DES MOINES – Plows for the Department of Transportation have been out for the past 48 hours, treating interstates and highways.
However residents across Des Moines were questioning where all the snow plows were.
According to the city, there were about 69 plow trucks cleaning the roads. However it takes between four to six hours just for drivers to complete an entire cycle.
“We do think that the timing of Monday’s storm and its intensity during rush hour put us in a situation that was very hard to work out of,” said Public Works Director Jonathan Gano.
Despite having a solid plan Des Moines City leaders admitted there were some mistakes in how Monday’s storm was handled.
“You like to test a plan under all circumstances and little events don’t always put on the stress on the plan that you would like,” said Gano.
The biggest hiccup? Residents that live near designated snow routes called the city to report that their stress had not been cleared. According to Gano, those were isolated incidents.
“We missed one street in one neighborhood that was called in. That person was wondering when snow plows would be going by when we thought we were done,” said Gano.
However, 48 hours after the storm residents like Dale Faulkner say they understand the city has several hundred miles of roads to clear out, but believes it was much slower this time around.
“Most of the time we see the city do a pretty good job getting out there before the more people get out of work.
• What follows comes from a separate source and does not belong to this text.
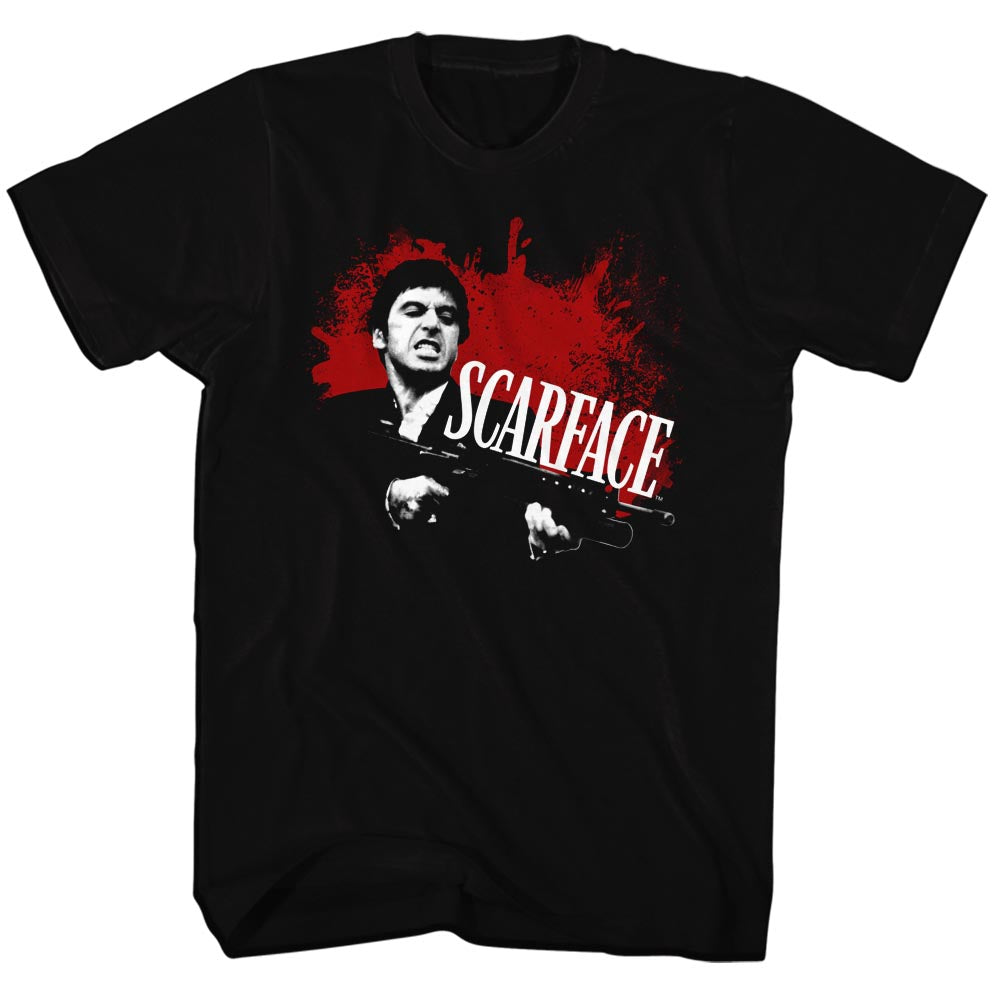 Scarface Mens S/S T-Shirt - Scarface - Solid Black Style001 Hoodie, Sweatshirt | CiraTrend.com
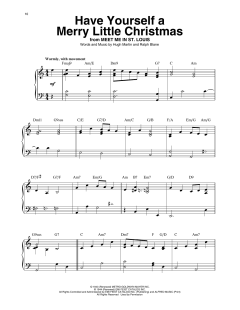 Have Yourself A Merry Little Christmas von Hugh Martin (Download)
This time it was a little later in the afternoon when they got at it,” said Faulkner.
This storm left some people wondering which roads the city decides to plow first.
“The plowing of side streets in residential districts starts as soon as the plows are free from their snow route duties that varies on the amount of time it takes the driver to complete that route,” said Gano.
Faulkner says he is ready for the next storm, but believes the city could do a better job.